After locating the line with "Washing Clothes 20x24" in the data that follows, return it and every later line exactly, up to and including the line with "TORIKO GN #35".

* _Records excerpted from a collection_:
.....
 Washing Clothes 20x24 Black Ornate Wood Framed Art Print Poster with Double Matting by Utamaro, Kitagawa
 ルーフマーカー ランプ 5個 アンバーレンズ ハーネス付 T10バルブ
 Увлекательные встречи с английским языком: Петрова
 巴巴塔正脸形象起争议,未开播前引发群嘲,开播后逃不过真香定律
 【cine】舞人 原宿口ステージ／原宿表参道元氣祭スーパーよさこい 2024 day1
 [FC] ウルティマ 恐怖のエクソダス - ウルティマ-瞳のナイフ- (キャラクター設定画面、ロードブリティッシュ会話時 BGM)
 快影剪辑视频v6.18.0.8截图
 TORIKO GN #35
.....
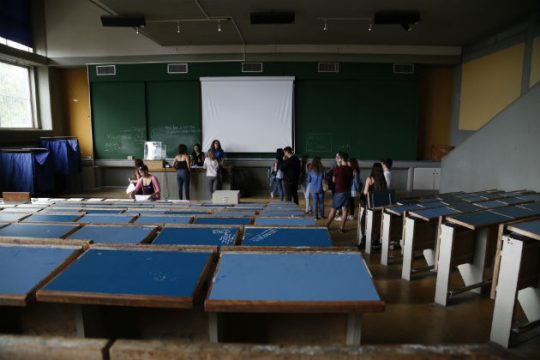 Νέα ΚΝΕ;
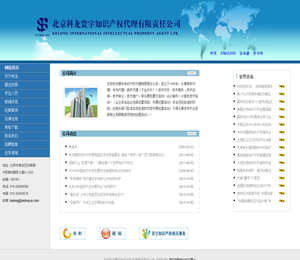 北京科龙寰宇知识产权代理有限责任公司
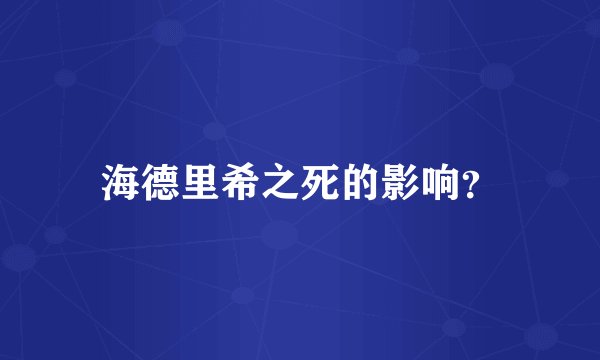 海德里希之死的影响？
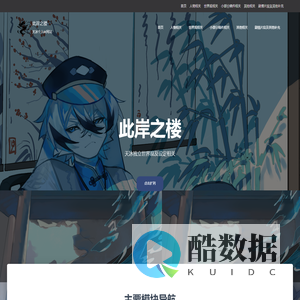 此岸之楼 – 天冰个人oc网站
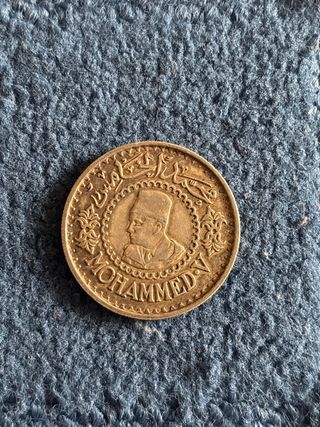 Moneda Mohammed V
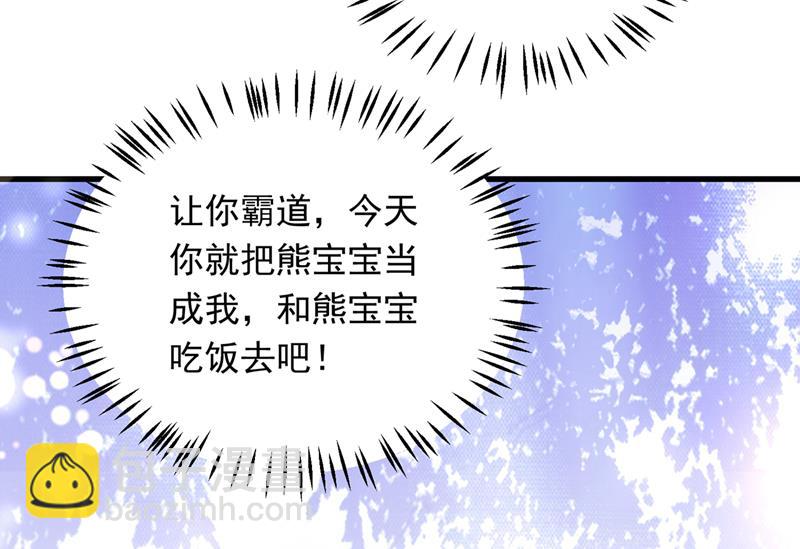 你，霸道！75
.....
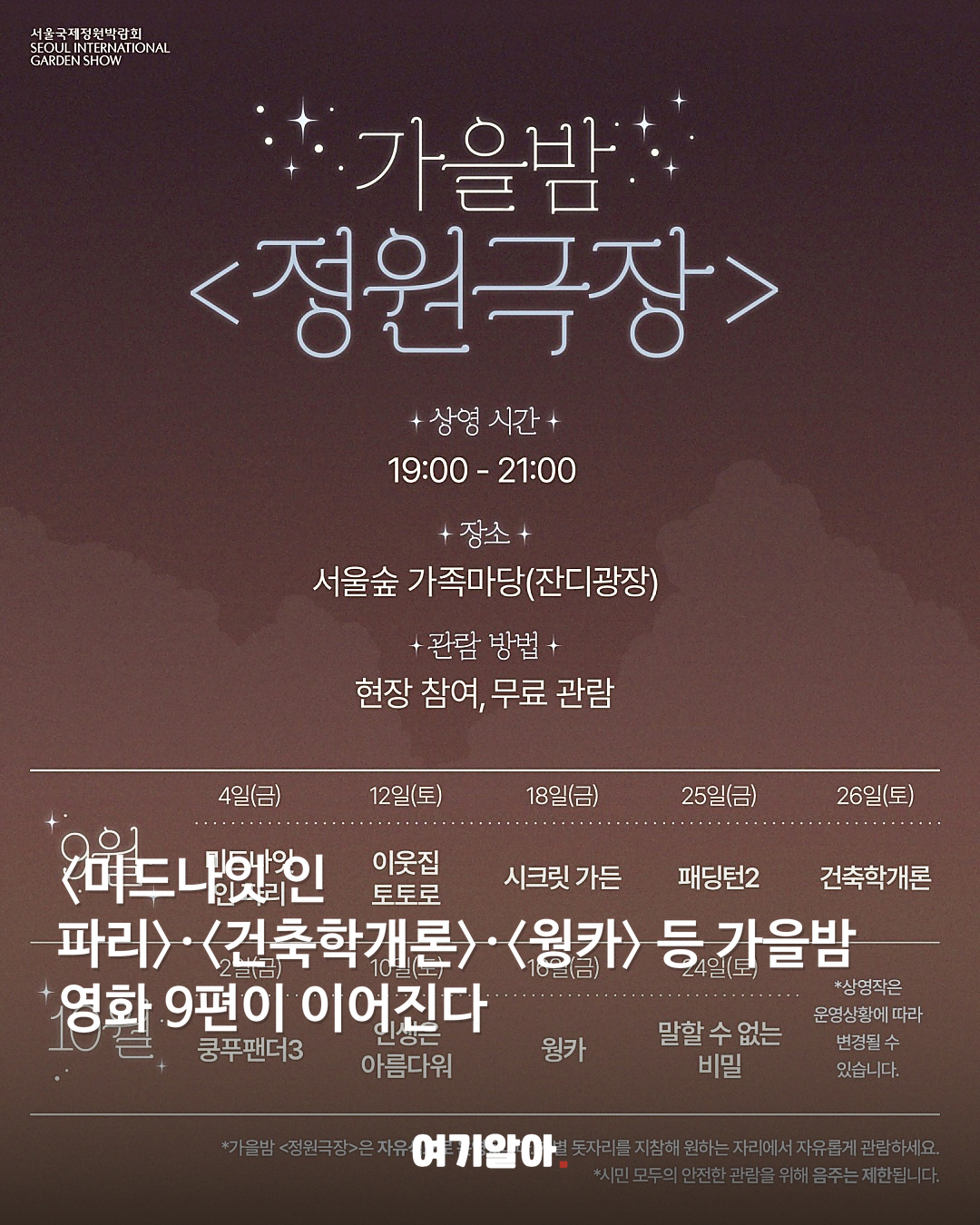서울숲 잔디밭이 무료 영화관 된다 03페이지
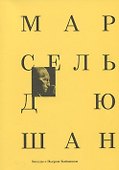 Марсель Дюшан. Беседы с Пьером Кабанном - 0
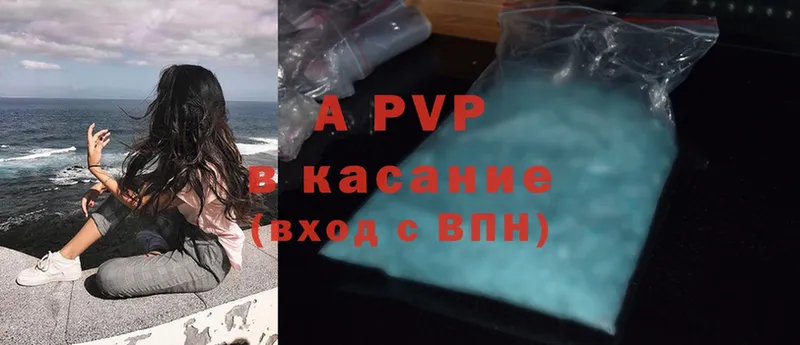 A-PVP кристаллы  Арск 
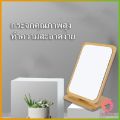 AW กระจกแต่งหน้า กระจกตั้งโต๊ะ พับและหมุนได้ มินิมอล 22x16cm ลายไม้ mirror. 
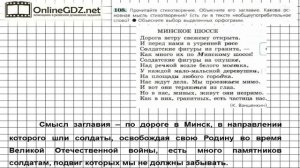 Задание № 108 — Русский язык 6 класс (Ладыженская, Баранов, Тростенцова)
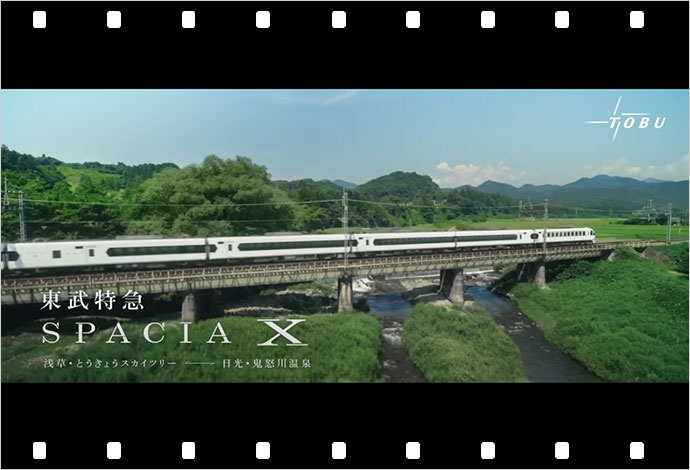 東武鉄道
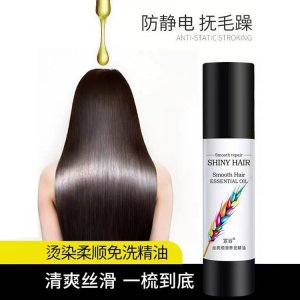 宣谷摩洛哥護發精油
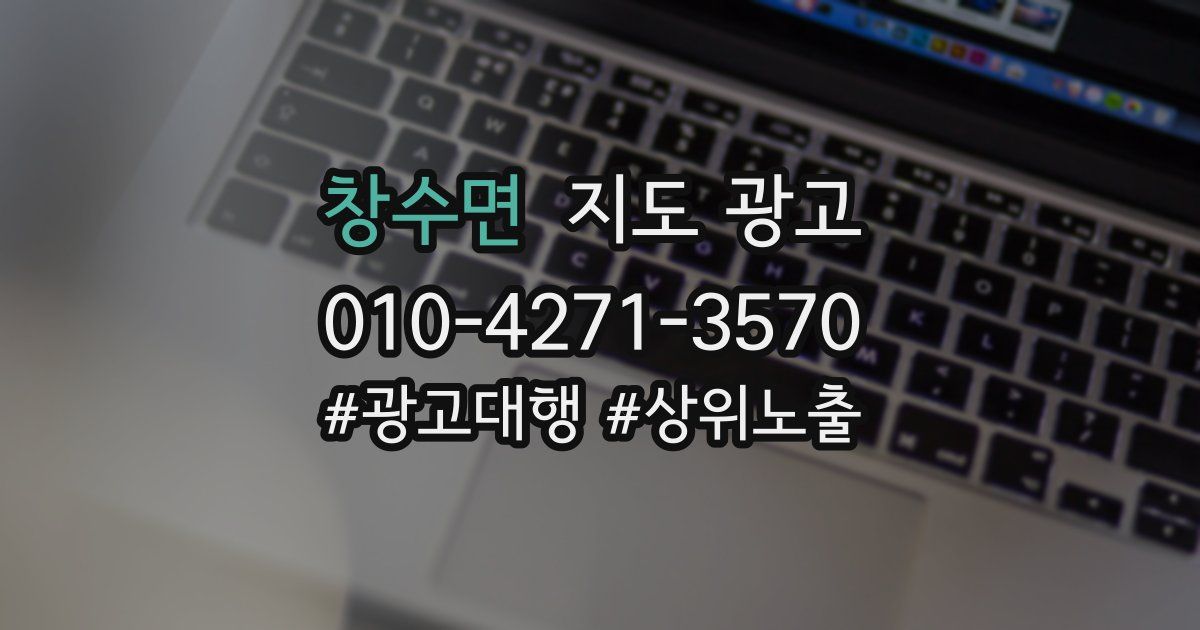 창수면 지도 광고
.....
* _Expected answer_:
 Washing Clothes 20x24 Black Ornate Wood Framed Art Print Poster with Double Matting by Utamaro, Kitagawa
 ルーフマーカー ランプ 5個 アンバーレンズ ハーネス付 T10バルブ
 Увлекательные встречи с английским языком: Петрова
 巴巴塔正脸形象起争议,未开播前引发群嘲,开播后逃不过真香定律
 【cine】舞人 原宿口ステージ／原宿表参道元氣祭スーパーよさこい 2024 day1
 [FC] ウルティマ 恐怖のエクソダス - ウルティマ-瞳のナイフ- (キャラクター設定画面、ロードブリティッシュ会話時 BGM)
 快影剪辑视频v6.18.0.8截图
 TORIKO GN #35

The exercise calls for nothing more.